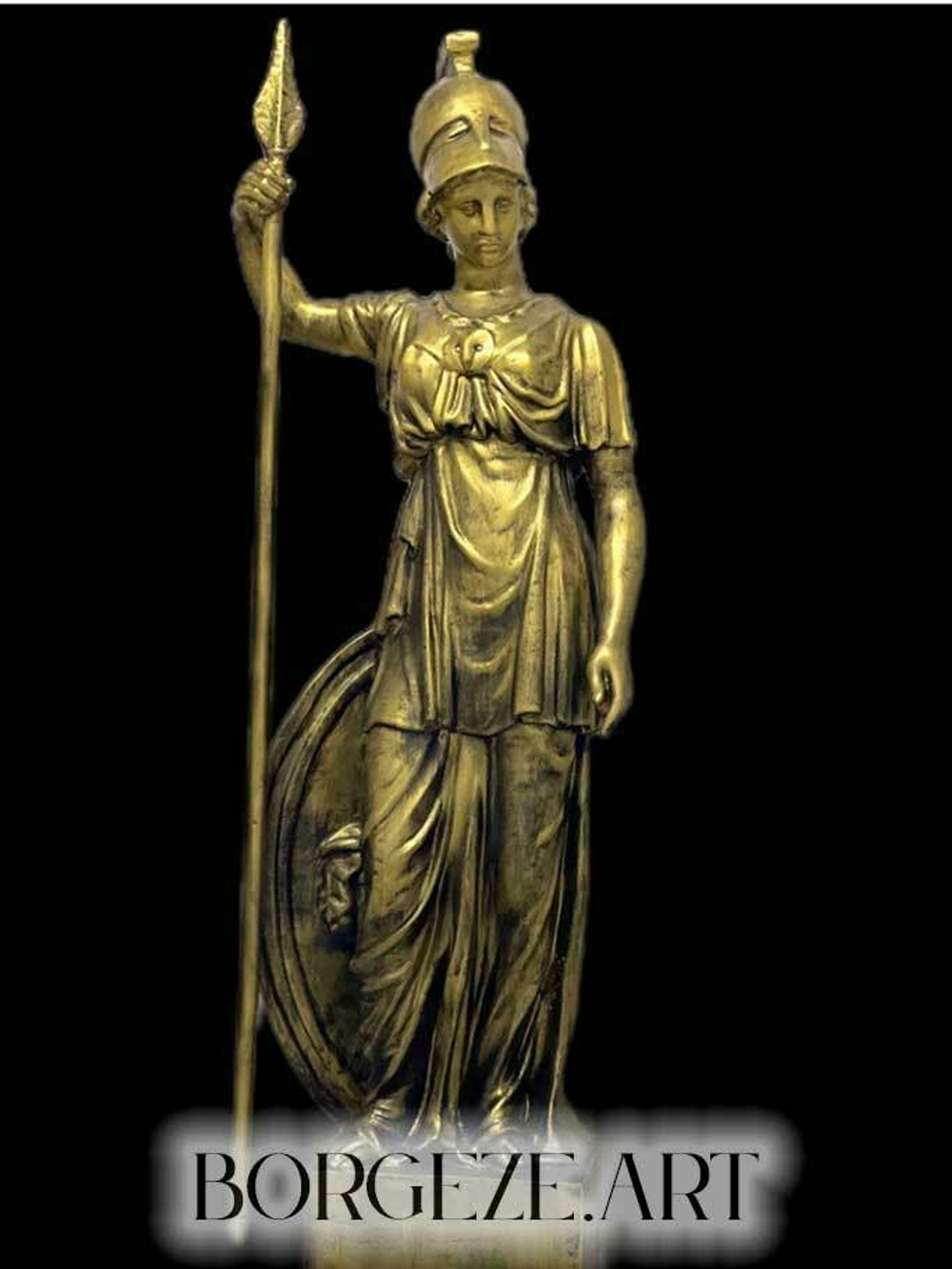 Статуя Афина
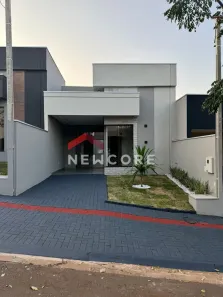 Casa de Condomínio com 3 Quartos à venda, 88m² no Jardim Ecoville I, Cambé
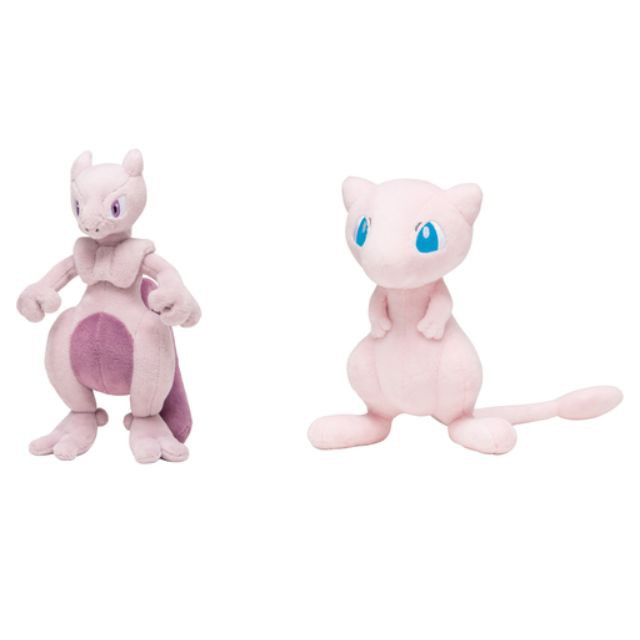 mew plush pokemon center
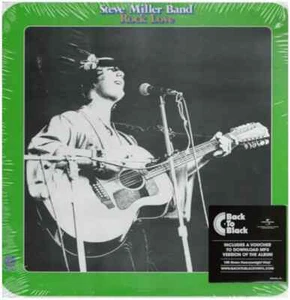 LP & MP3 Steve Miller Band Rock Love 180GR. HEAVYWEIGHT VINYL + MP3 DOWNLOAD - Bild 1 von 1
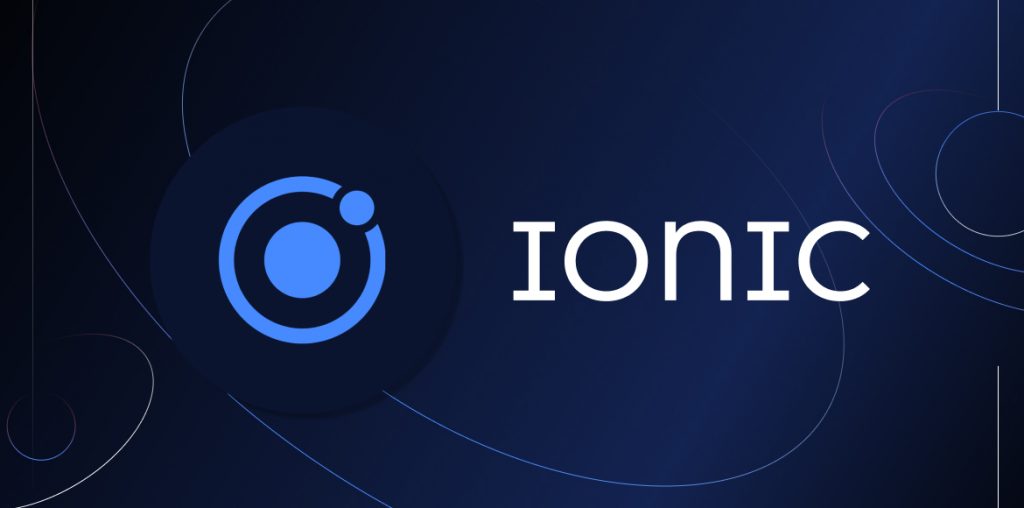Ionic or a visual representation of the framework's features and benefits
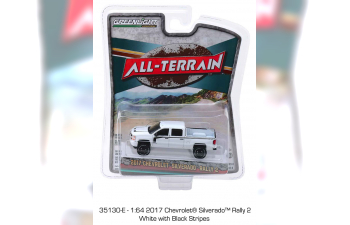 CHEVROLET Silverado Rally 2 пикап 2017 White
• • • •
**Exercise:**
Will you repeat the material above, but only from the line containing "Casa de Condomínio" through its last line, exactly and without the pictures?

**Answer below:**
 Casa de Condomínio com 3 Quartos à venda, 88m² no Jardim Ecoville I, Cambé
 mew plush pokemon center
 LP & MP3 Steve Miller Band Rock Love 180GR. HEAVYWEIGHT VINYL + MP3 DOWNLOAD - Bild 1 von 1
Ionic or a visual representation of the framework's features and benefits
 CHEVROLET Silverado Rally 2 пикап 2017 White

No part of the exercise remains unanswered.